We took a different route this time and did a little detour in Sidmouth where I spent 3 weeks on a language course when I was 13 mainly eating vinegar crisps and screwball ice-cream, I don't know if it exists anymore, the plastic cone with ice-cream and a bubble gum in the bottom. I remember learning the word "fuse" and embarrassingly crying in front of the family I stayed with after speaking to mum and dad on the phone, because I was home sick and then pretending my eyes were red because we had been swimming in the salty sea water. 

So we drove through the town, the street I lived in, Temple street, but I couldn't recognise the house, and along the sea front parade where we used to hang out in the afternoons after school. There was s little ice-cream shop in the same corner on the Esplanade as when I was there, the one of the screwballs. 

We continued on towards Lyme Regis and parked by the beach there. We had been so spoiled by the beauty of Cornwall that Lyme Regis failed to make a massive impression on us. But we found a little Italian restaurant - husband had had his share of burgers and fish and chips. He had a nice pizza and I had a very disappointing seafood linguine. 

 
Disappointing tasteless frozen seafood in a seaside town restaurant, I suppose if you're in a prime location in Lyme Regis you don't have to try very hard. 

Lyme Regis's pretty Marine Parade




We had another stroll on the marine parade but decided to continue our long drive back without further exploration of the town. I of course would have wanted to walk to the end of the Cobb where the French Lieutenants Woman used to stand, but since it was drizzling I gave it a miss. 

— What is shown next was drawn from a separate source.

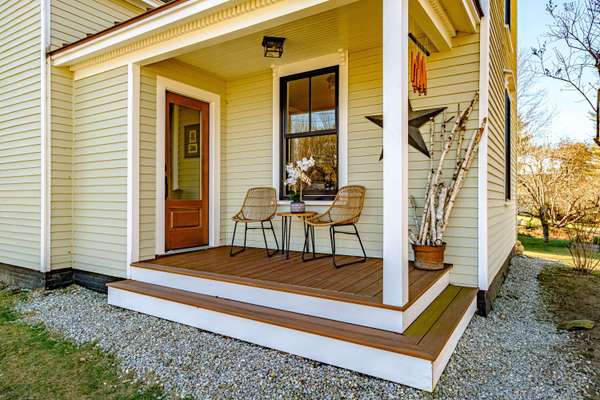 47 Chapman ST, Bethel, ME 04217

On the last stretch home we saw Stonehenge from the motorway

All in all I can warmly recommend Cornwall. People are really lovely and friendly, apart from one surly B&B owner. The scenery is breathtakingly dramatic and everything is well kept, clean and tidy. There is so much history and many interesting and unique places to see. And of course the sandy beaches are probably the best in UK. There is still much there for us to explore, so farewell for now beautiful Cornwall, we hope to return soon.